Data provided by governments include national laws, regulations, policies, strategies as well as good practices in the four areas assessed in the report. OECD standards cover a wide range of issues, including open government, policy coherence, gender equality, artificial intelligence and broadband connectivity, among others. The report draws on existing international guidance related to civic space to underpin related recommendations and associated measures, including UN standards, as well as guidance from regional human rights bodies and courts, such as the European Court of Human Rights or the Inter-American Court of Human Rights. Analyses from CSOs and academic institutions are considered where relevant, along with their insights into how they see civic space is protected in practice (Figure ‎1.2).

The main aim of the report is to support OECD Members and non-Members to protect civic space by giving a full overview of the different dimensions of civic space and current practices and suggesting measures that could be considered to promote and safeguard civic space.
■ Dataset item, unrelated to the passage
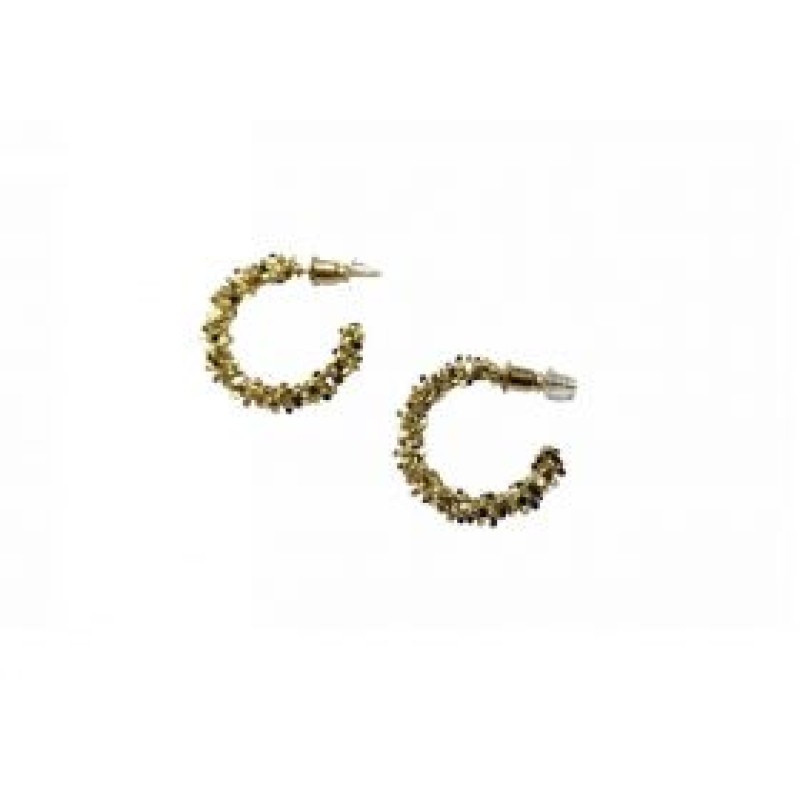 Kostibas 3112-703XD, Σκουλαρίκια Κρίκοι, Μεταλλικό, Χρυσό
To do so, the report provides:

  • Comparative government data, including on national legal frameworks, policies, strategies, institutional arrangements and actual practices on the promotion and protection of civic space.

  • An overview of existing OECD standards on a variety of issues relevant to the protection of civic space.

  • An overview of existing guidance provided by international and regional human rights bodies on issues relevant to the protection of civic space.

  • An overview of trends and patterns in OECD Members and selected non-Members, in addition to regional analyses on Europe, Latin America and the Caribbean (LAC) and Africa.

  • Highlights of good and innovative practices.

  • An evidence base for any future OECD standards on civic space.

The report’s added value is that it brings a government and a public sector implementation and reform perspective into ongoing debates on the promotion and protection of civic space, which are currently largely dominated by perception surveys, analyses from civil society and guidance from international organisations, such as the UN and other regional human rights bodies. This focus provides insights on key legislation, policies and public sector practices that help to foster and promote civic space. Furthermore, the report brings together government data (validated by the OECD) and compares them with non-governmental data, in addition to existing and agreed upon OECD and international standards, to provide guidance on strengthening alignment with these standards.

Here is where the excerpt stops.